### PROBLEM STATEMENT
Keep to one stretch of the data below, the lines from the one with "Windsor Locks Hotel" up to and including the one with "Tuk tuk tyres", and return that stretch exactly.

-------- RECORDS FOR THE EXERCISE --------

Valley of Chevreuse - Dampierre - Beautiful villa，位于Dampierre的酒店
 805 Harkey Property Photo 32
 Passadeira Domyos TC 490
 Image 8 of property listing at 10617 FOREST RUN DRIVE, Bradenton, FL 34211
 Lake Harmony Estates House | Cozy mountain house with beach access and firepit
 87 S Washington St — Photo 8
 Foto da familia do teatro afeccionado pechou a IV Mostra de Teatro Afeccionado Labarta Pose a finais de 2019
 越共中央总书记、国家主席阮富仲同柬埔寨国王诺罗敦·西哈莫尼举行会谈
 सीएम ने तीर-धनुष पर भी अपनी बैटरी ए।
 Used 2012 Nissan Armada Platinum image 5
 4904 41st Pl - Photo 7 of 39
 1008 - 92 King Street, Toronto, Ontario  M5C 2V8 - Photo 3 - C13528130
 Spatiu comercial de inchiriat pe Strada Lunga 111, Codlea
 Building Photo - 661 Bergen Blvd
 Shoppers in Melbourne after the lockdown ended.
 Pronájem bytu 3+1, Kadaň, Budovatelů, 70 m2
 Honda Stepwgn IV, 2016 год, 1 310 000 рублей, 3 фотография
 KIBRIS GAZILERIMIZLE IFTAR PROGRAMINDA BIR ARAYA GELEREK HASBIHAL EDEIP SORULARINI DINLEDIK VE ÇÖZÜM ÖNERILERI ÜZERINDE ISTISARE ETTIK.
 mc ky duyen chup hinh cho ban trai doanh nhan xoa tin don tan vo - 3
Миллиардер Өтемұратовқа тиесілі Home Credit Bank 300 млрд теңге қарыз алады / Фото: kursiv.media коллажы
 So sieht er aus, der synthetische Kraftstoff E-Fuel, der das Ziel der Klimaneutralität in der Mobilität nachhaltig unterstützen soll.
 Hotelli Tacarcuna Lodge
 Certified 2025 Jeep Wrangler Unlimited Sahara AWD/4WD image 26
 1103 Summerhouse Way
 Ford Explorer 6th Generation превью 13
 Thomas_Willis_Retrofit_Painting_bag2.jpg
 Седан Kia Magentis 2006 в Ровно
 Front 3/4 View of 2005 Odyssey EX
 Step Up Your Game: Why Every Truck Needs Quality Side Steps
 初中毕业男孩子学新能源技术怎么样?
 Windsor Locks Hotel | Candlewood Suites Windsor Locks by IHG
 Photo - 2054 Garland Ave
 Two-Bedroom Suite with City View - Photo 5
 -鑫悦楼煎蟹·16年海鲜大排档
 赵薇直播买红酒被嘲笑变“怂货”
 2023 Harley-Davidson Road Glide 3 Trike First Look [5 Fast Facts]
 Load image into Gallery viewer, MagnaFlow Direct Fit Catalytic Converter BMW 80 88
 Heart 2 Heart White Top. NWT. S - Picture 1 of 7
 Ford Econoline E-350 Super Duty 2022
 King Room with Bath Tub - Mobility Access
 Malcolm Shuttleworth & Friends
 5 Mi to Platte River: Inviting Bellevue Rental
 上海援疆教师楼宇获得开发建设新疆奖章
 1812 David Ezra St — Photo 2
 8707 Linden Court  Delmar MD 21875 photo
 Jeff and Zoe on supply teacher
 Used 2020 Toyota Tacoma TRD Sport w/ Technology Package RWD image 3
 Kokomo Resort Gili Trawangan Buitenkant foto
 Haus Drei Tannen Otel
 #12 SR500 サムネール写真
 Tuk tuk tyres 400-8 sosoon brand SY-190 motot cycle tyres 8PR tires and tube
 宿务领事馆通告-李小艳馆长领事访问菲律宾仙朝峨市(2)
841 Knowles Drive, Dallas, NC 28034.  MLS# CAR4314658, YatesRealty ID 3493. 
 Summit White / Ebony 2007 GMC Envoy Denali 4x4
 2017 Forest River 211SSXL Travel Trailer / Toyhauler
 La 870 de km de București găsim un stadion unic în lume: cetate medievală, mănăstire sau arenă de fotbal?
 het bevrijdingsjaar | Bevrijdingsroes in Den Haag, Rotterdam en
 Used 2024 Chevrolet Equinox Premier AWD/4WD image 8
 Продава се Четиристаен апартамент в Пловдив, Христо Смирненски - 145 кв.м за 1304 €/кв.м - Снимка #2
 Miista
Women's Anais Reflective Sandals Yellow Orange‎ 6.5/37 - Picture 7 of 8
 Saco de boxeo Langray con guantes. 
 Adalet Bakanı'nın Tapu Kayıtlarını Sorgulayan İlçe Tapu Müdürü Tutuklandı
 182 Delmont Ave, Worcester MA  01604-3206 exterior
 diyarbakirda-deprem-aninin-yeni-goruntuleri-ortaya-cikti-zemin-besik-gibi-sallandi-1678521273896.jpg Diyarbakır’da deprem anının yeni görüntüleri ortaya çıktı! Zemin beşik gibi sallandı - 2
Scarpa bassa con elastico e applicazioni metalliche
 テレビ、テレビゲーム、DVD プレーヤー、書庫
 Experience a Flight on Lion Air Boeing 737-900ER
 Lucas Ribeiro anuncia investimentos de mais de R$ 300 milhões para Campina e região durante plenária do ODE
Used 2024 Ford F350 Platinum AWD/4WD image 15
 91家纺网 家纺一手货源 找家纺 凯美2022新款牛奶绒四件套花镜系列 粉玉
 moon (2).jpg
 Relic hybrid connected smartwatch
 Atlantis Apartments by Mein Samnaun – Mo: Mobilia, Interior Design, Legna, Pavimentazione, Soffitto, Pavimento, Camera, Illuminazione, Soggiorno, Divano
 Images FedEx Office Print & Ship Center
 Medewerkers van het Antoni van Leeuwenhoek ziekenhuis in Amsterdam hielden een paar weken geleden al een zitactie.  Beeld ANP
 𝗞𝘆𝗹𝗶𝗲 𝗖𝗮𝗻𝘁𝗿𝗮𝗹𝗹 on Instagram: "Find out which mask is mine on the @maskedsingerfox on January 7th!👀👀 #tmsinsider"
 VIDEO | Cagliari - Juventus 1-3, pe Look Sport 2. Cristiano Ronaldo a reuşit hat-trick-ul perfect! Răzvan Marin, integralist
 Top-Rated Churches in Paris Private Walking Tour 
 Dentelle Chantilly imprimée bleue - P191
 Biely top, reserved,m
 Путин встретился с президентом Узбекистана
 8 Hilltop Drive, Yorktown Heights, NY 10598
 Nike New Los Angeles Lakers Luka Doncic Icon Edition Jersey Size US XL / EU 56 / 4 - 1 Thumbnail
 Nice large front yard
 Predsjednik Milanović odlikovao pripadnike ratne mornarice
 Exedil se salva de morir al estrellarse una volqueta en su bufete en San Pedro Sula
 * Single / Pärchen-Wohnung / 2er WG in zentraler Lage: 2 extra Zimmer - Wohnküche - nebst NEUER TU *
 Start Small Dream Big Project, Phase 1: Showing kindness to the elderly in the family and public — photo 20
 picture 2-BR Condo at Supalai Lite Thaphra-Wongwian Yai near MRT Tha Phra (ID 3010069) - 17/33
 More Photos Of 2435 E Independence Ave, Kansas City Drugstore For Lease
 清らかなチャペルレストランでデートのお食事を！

--------

### TASK ANSWER
 Windsor Locks Hotel | Candlewood Suites Windsor Locks by IHG
 Photo - 2054 Garland Ave
 Two-Bedroom Suite with City View - Photo 5
 -鑫悦楼煎蟹·16年海鲜大排档
 赵薇直播买红酒被嘲笑变“怂货”
 2023 Harley-Davidson Road Glide 3 Trike First Look [5 Fast Facts]
 Load image into Gallery viewer, MagnaFlow Direct Fit Catalytic Converter BMW 80 88
 Heart 2 Heart White Top. NWT. S - Picture 1 of 7
 Ford Econoline E-350 Super Duty 2022
 King Room with Bath Tub - Mobility Access
 Malcolm Shuttleworth & Friends
 5 Mi to Platte River: Inviting Bellevue Rental
 上海援疆教师楼宇获得开发建设新疆奖章
 1812 David Ezra St — Photo 2
 8707 Linden Court  Delmar MD 21875 photo
 Jeff and Zoe on supply teacher
 Used 2020 Toyota Tacoma TRD Sport w/ Technology Package RWD image 3
 Kokomo Resort Gili Trawangan Buitenkant foto
 Haus Drei Tannen Otel
 #12 SR500 サムネール写真
 Tuk tuk tyres 400-8 sosoon brand SY-190 motot cycle tyres 8PR tires and tube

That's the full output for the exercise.